Francesco Guccini chronology
|  | Folk beat n°1 (1967) | Due anni dopo (1970) |

= Folk beat n. 1 =

Folk beat n°1 (1967) is the first album of Italian singer-songwriter Francesco Guccini. It was published under the name "Francesco" alone.

The record is, as the title suggests, a folk album, intended to adapt the genre within a contemporary Italian context parallel to the music of Phil Ochs or Bob Dylan. Folk beat n.1 deals with various themes, including critiques and satires of Italian society, as well as tragic accounts of both fictional and historical characters (two lyrical fields which would become commonly associated with the cantautore).

The album itself received little recognition once released, though it is said to contain amongst Guccini's most popular songs, which would later become blueprints for his style (including his particular accent, characteristic of the Emilia-Romagna region). The record received a stellar review from Allmusic, where it was said to contain the foundations for his successful career, and be the first showcase of Guccini's songwriting talent; his voice was also deemed "compelling".

==The album==
The album was recorded in studio Basilica di [Milano in the summer of 1966 and produced by Odoardo "Dodo" Veroli; album was published in March 1967.

The album contains some songs previously written by Guccini for other groups, including Equipe 84 and Nomadi.
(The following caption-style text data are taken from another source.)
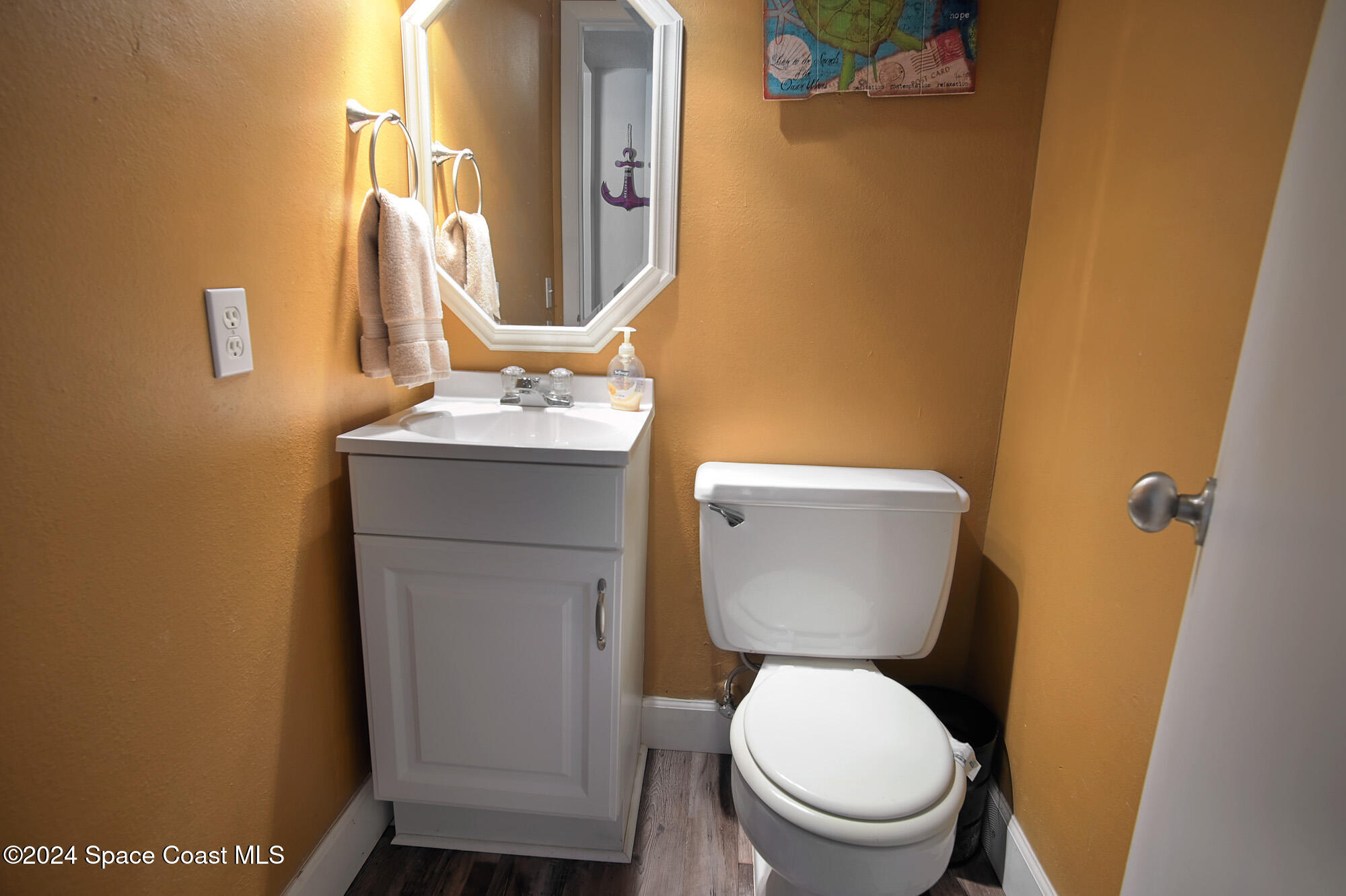 180 Paradise Boulevard 18012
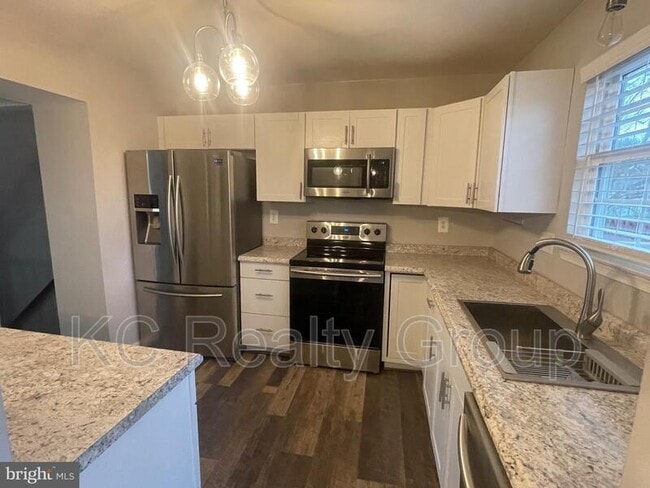 Photo - 15730 Piller Ln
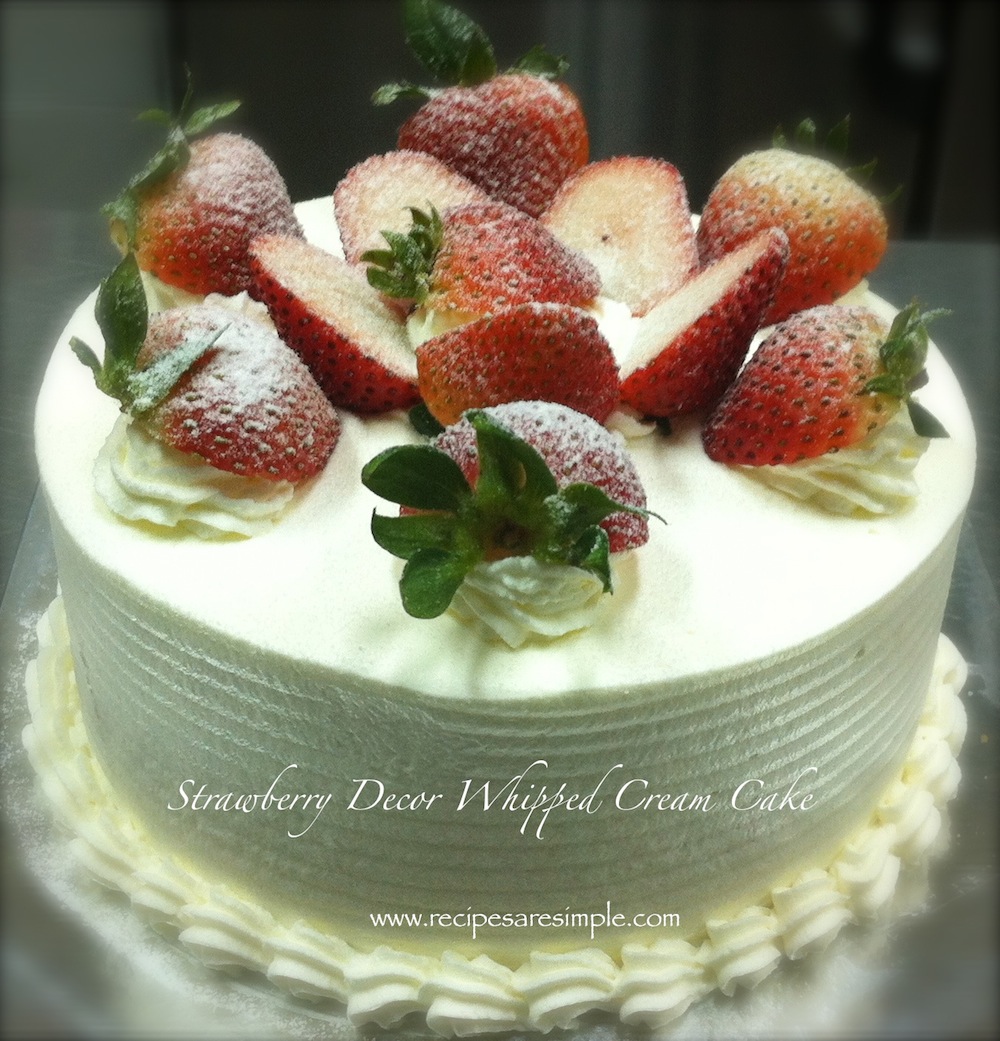 Sponge Cake with Strawberries and Whipped Cream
The symbolic song of this era is "L'Antisociale" ("The Antisocial"). L'antisociale is a piece of music written by Francesco Guccini in 1960, which was released as a single in September 1966 by Equipe 84 on the 45 rpm single "Un giorno tu mi cercherai"/ "L'antisociale", without author indications. It is a protest song aimed at the hypocritical behaviors and attitudes that existed in Italian society in those years. The protagonist is not an antisocial in the pathological sense, but he is a nonconformist. In fact, he does not accept certain behaviors based on "moral hypocrisy". In practice he does not accept many of the attitudes that belong to the «social» which is the character of the other song, which in his album Folk beat n. 1 is combined with this into a single track. In a certain sense, the protagonist could be defined as a beatnik, in fact towards the end of the 50s it was precisely the members of this group who questioned some traditional canons of "respectability" and the alienating conformism of the consumer society, however he doesn't make alternative life proposals other than going to a desert island where no one will be able to disturb him anymore.

==Personnel==
- Francesco Guccini - Voice, Rhythm guitar
- Antonio Roveri - Golo guitar
- Alan Cooper - Armonica and Rhythm guitar

==Track listing==
1. "Noi non ci saremo" - 5:15
2. "In morte di S.F." - 3:41
3. "Venerdì santo" - 4:19
4. "L'atomica cinese" - 2:37
5. "Auschwitz"- 4:40
6. "Talkin' Milano" - 5:30
7. "Statale 17" - 3:12
8. "Il 3 dicembre del '39" - 3:44
9. "La ballata degli annegati" - 2:28
10. "Il sociale e l'antisociale" - 5:33

- Note: "In morte di S.F." is the song known today as "Canzone per un'amica".